Exercise directions = Please repeat each line below exactly, with no images in the copy.

(Collected data entries)
===============

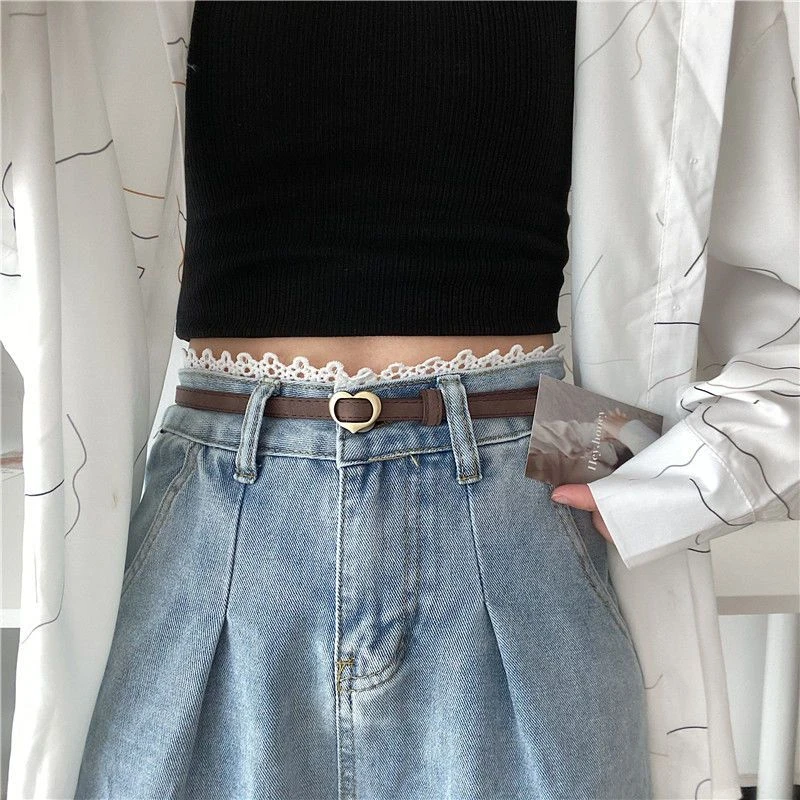 爱心无孔皮带女士装饰配连衣裙子衬衫西装复古牛仔裤细款窄小腰带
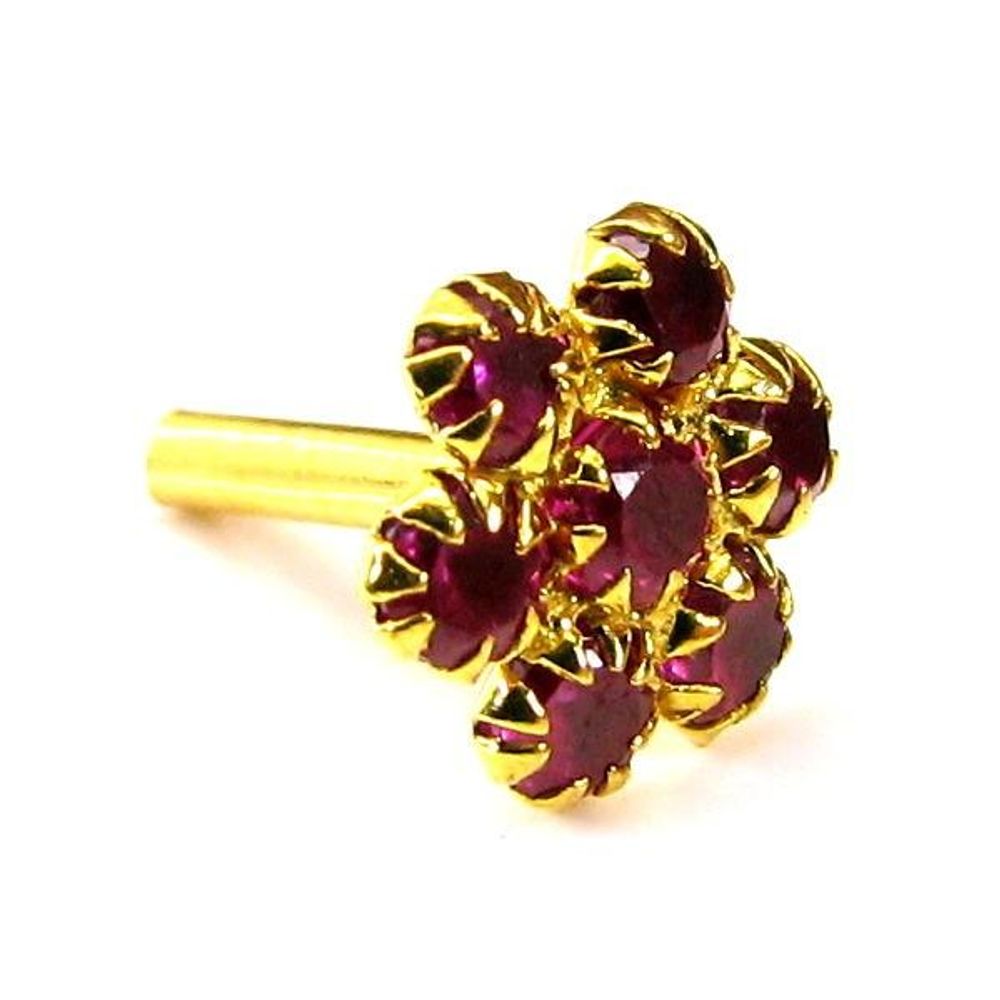  Nose stud Pin Solid Real 14k Yellow Gold Style Designer Pink CZ  for women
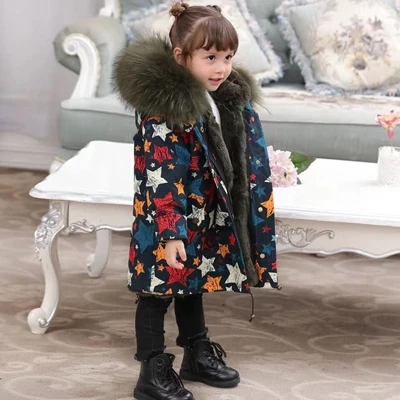 Star Green Fur Зимние детские парки с натуральным мехом Куртка с граффити меховые куртки для мальчиков теплая одежда для девочек съемная подкладка из меха кролика - Цвет: Star Green Fur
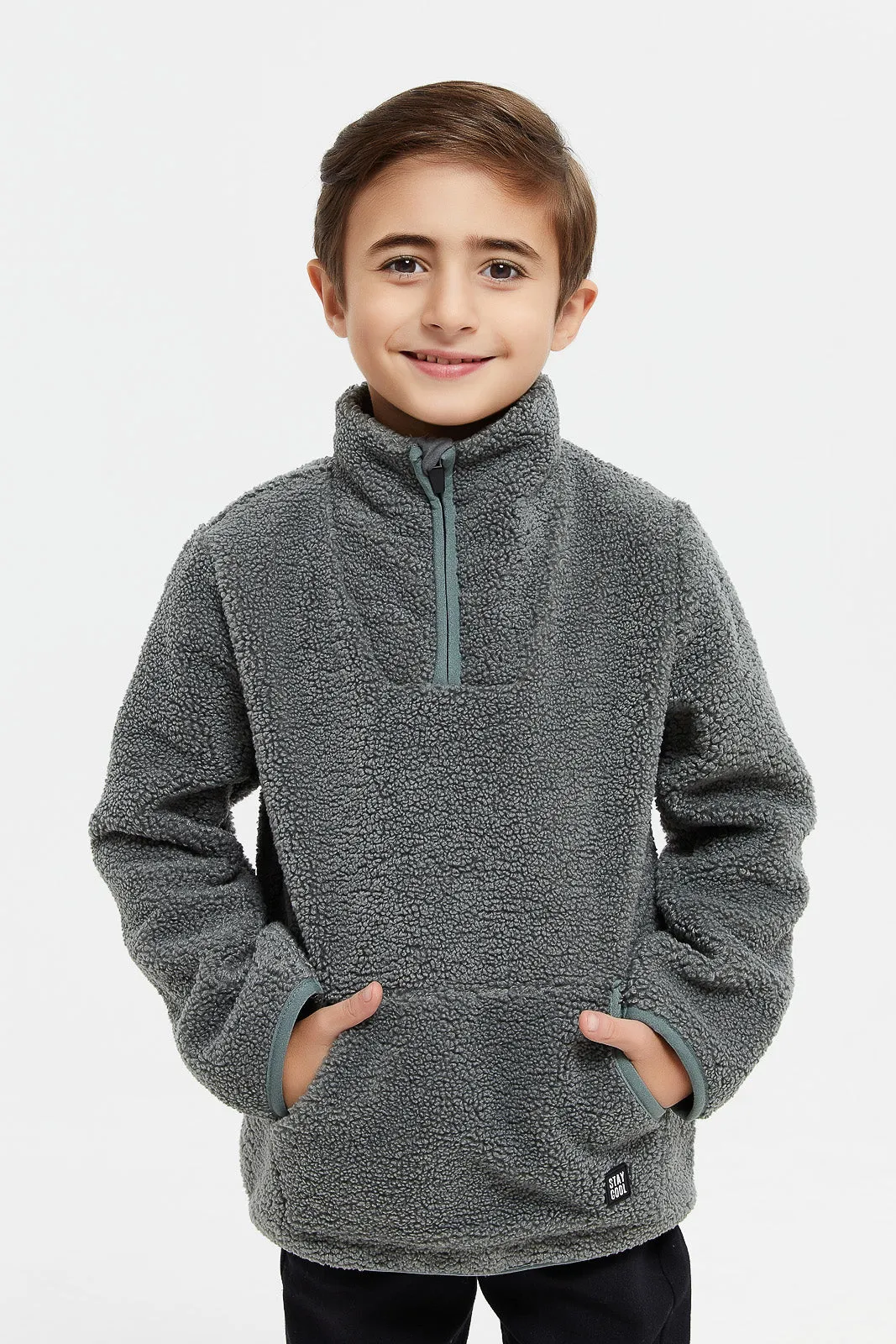 Boys Olive Sherpa Fleece Sweatshirt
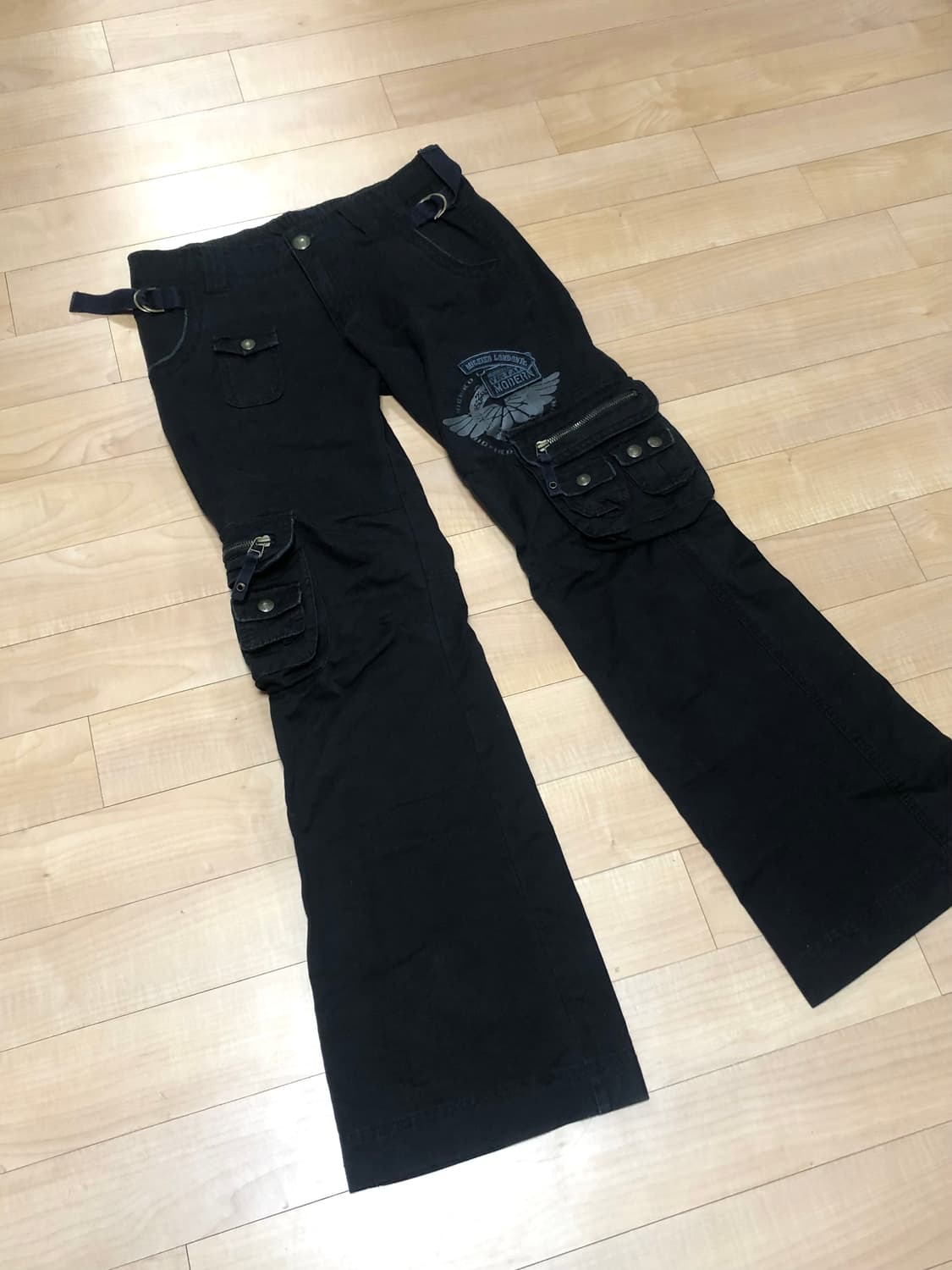 빈티지 세미 부츠컷 블랙 카고팬츠 y2k 00s 펑크 상품이미지1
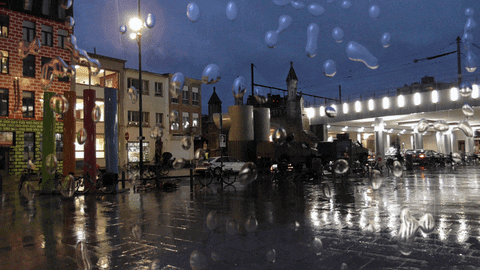 Rainy Night Rain Falling GIF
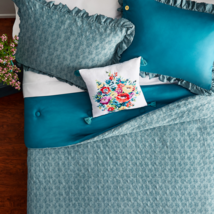 Pioneer Woman ~ Tossed Floral Teal ~ 4 Pc. ~ Full/Queen Comforter Set ~ 92 x 96 - £44.31 GBP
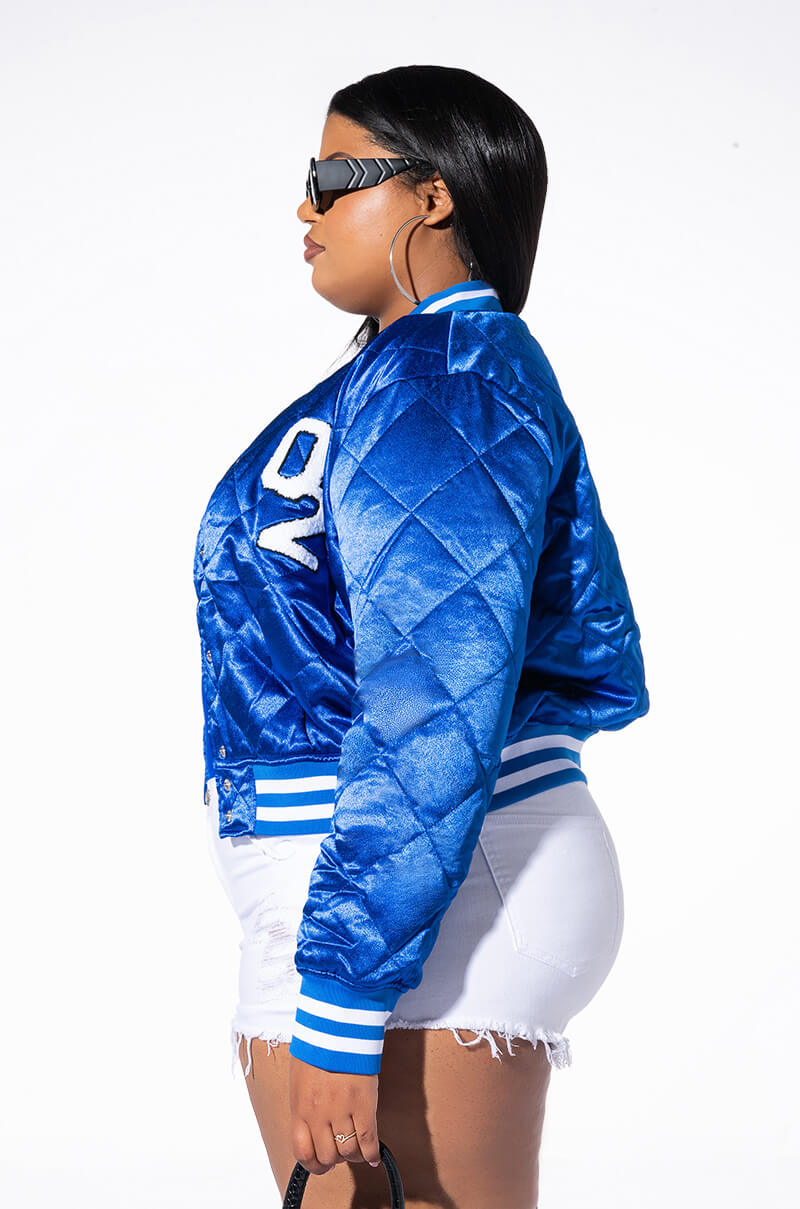 PLUS NO CAP CROPPED SATIN VARSITY BOMBER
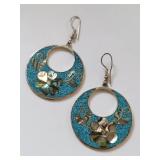 Alpacar Abalone and Turquoise Chip Earrings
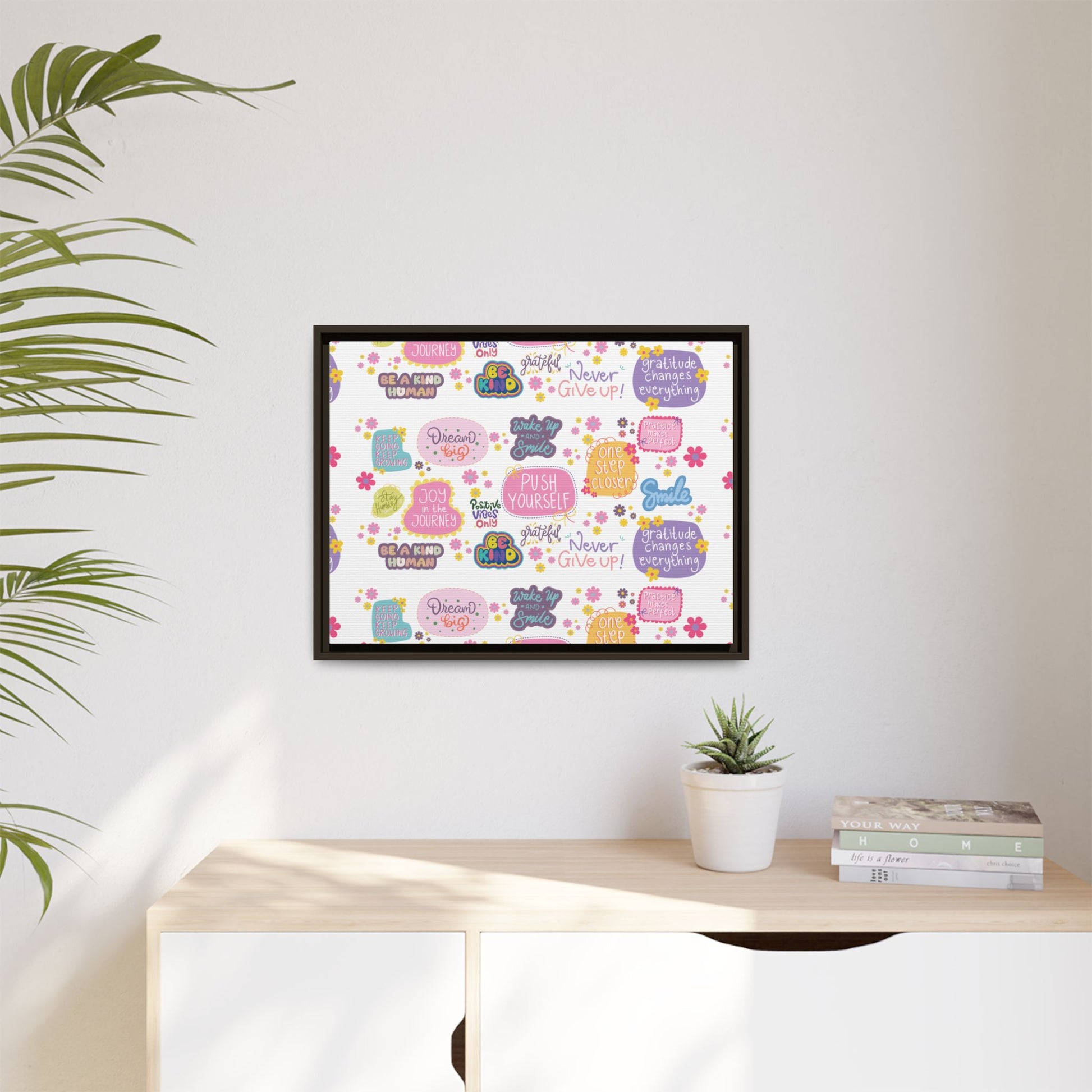 Good Vibes Only Canvas Wall Art – Ready‑to‑Hang Motivational Quote Picture, Positive Affirmation Home & Office Décor, Uplifting Gift Idea Bedroom, or Office Décor Gift for Mom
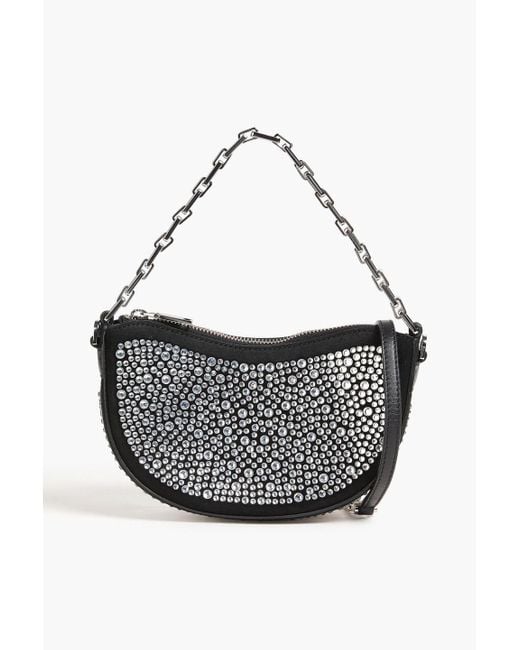 IRO Black Crystal-embellished Suede Cross-body Bag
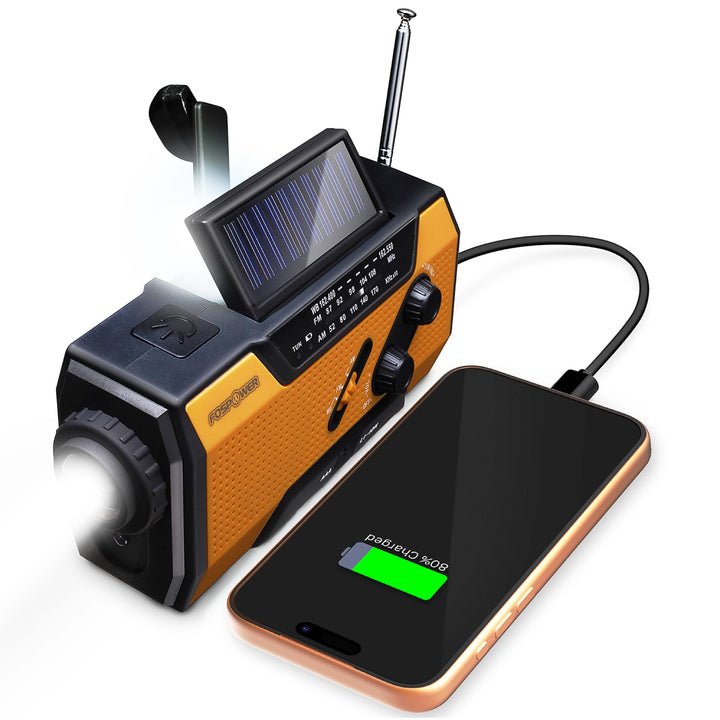 FosPower NOAA Emergency Weather Radio A1 7400mWh Solar Hand Crank (Orange) | AM/FM/WB power bank 4 power options SOS alarm LED flashlight & 4 LED reading light for outdoor emergency & power outage use.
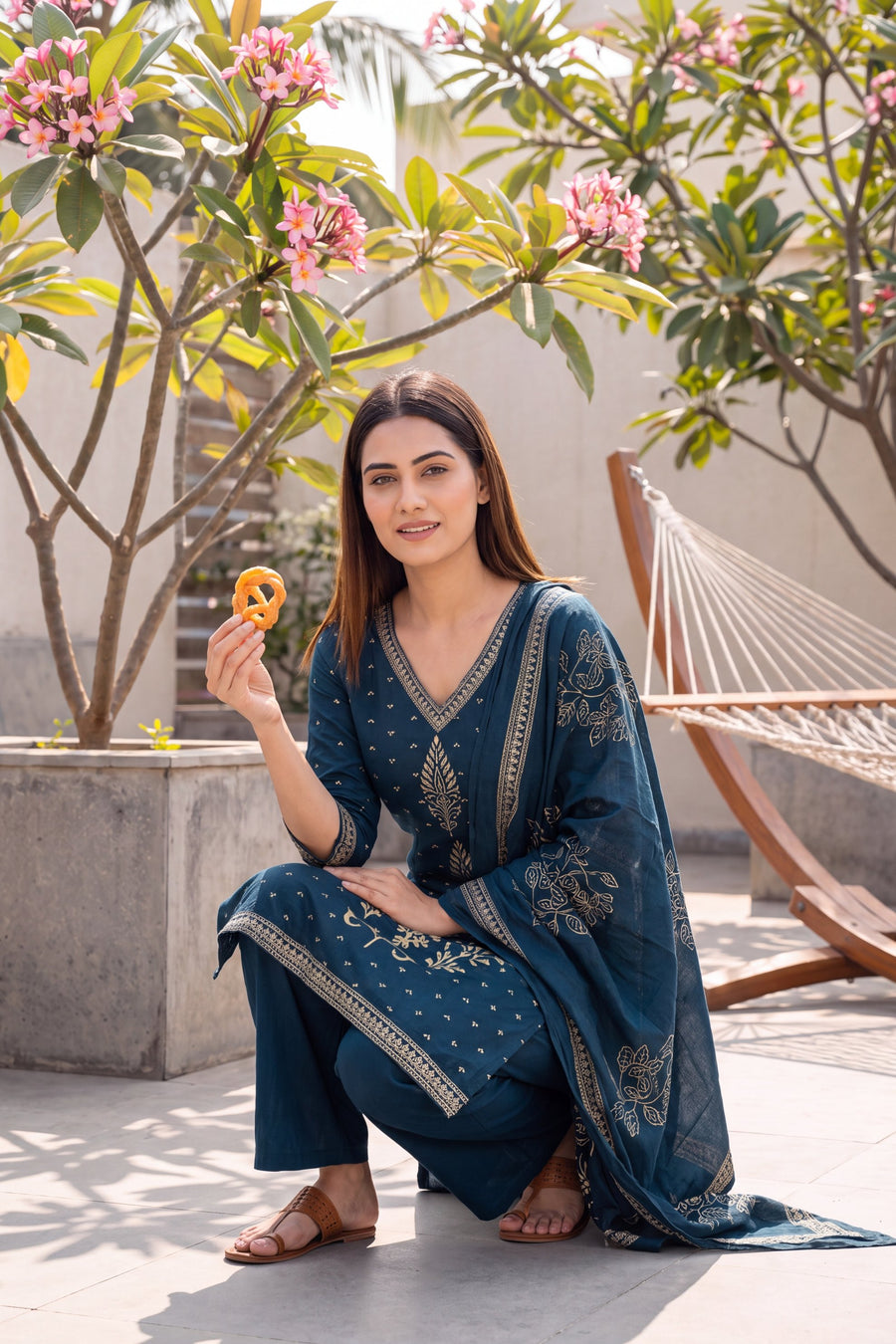 Cobalt Bloom Cotton Dupatta Set — image 4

===============

Result for this exercise =
 爱心无孔皮带女士装饰配连衣裙子衬衫西装复古牛仔裤细款窄小腰带
  Nose stud Pin Solid Real 14k Yellow Gold Style Designer Pink CZ  for women
 Star Green Fur Зимние детские парки с натуральным мехом Куртка с граффити меховые куртки для мальчиков теплая одежда для девочек съемная подкладка из меха кролика - Цвет: Star Green Fur
 Boys Olive Sherpa Fleece Sweatshirt
 빈티지 세미 부츠컷 블랙 카고팬츠 y2k 00s 펑크 상품이미지1
 Rainy Night Rain Falling GIF
 Pioneer Woman ~ Tossed Floral Teal ~ 4 Pc. ~ Full/Queen Comforter Set ~ 92 x 96 - £44.31 GBP
 PLUS NO CAP CROPPED SATIN VARSITY BOMBER
 Alpacar Abalone and Turquoise Chip Earrings
 Good Vibes Only Canvas Wall Art – Ready‑to‑Hang Motivational Quote Picture, Positive Affirmation Home & Office Décor, Uplifting Gift Idea Bedroom, or Office Décor Gift for Mom
 IRO Black Crystal-embellished Suede Cross-body Bag
 FosPower NOAA Emergency Weather Radio A1 7400mWh Solar Hand Crank (Orange) | AM/FM/WB power bank 4 power options SOS alarm LED flashlight & 4 LED reading light for outdoor emergency & power outage use.
 Cobalt Bloom Cotton Dupatta Set — image 4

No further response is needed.